= Task to complete =
Each record below is to be output unchanged, and any picture is to be dropped.

-------- Recorded data

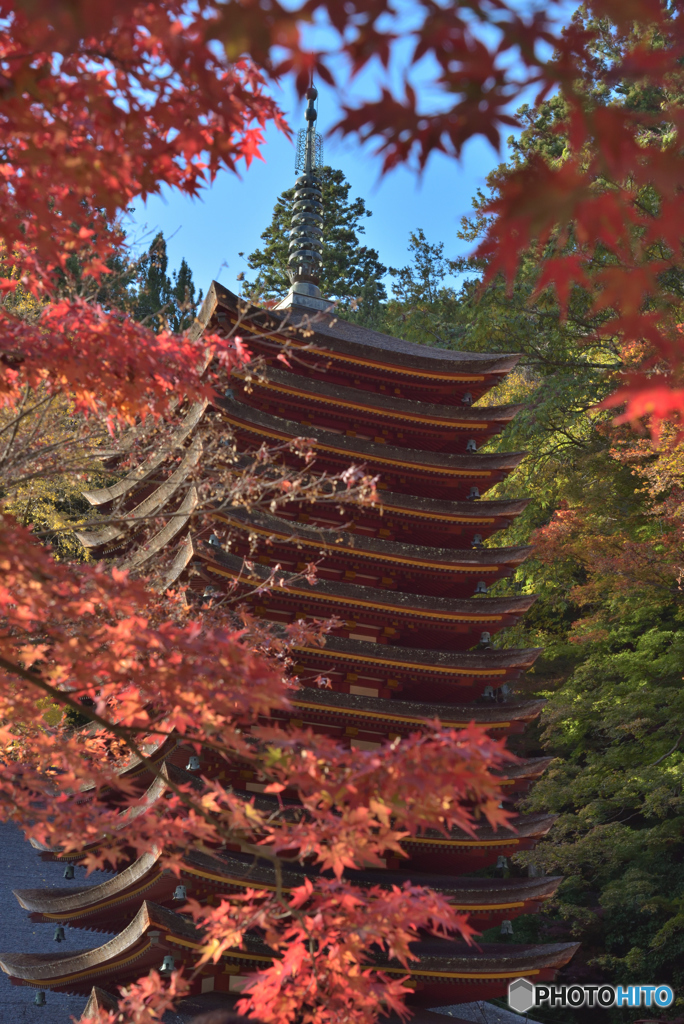談山神社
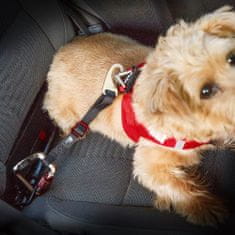 curli Bezpečnostný pás do auta pre psov M 60 cm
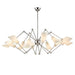 12 LIGHT CHANDELIER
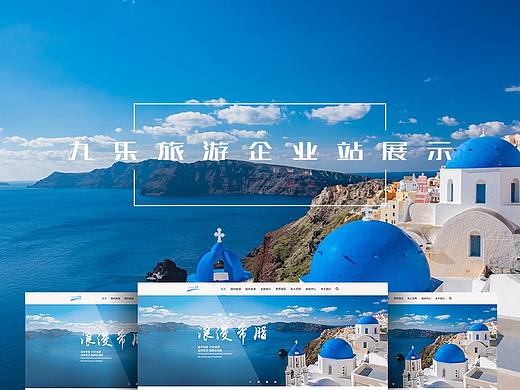 项目-企业站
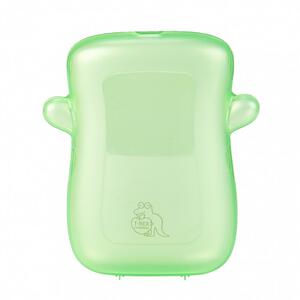 パウチケース（グリーン）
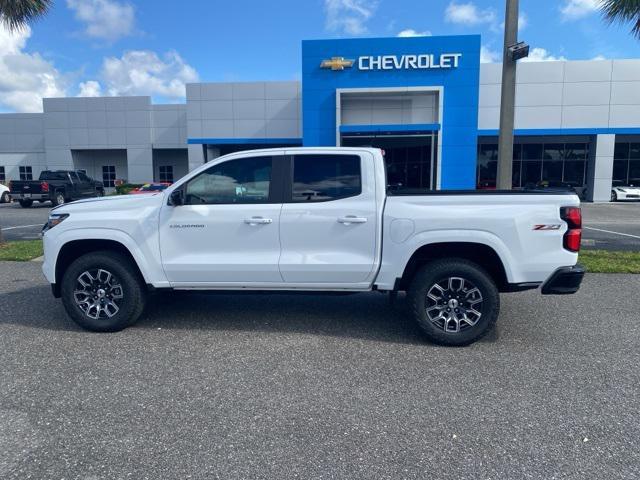 new 2024 Chevrolet Colorado car, priced at $46,090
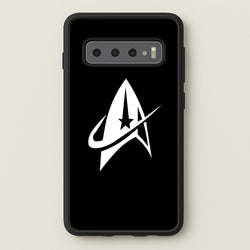 Logo  - Star Trek Phone Case for Galaxy S10 Plus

----------------

= Written response =
談山神社
 curli Bezpečnostný pás do auta pre psov M 60 cm
 12 LIGHT CHANDELIER
 项目-企业站
 パウチケース（グリーン）
 new 2024 Chevrolet Colorado car, priced at $46,090
 Logo  - Star Trek Phone Case for Galaxy S10 Plus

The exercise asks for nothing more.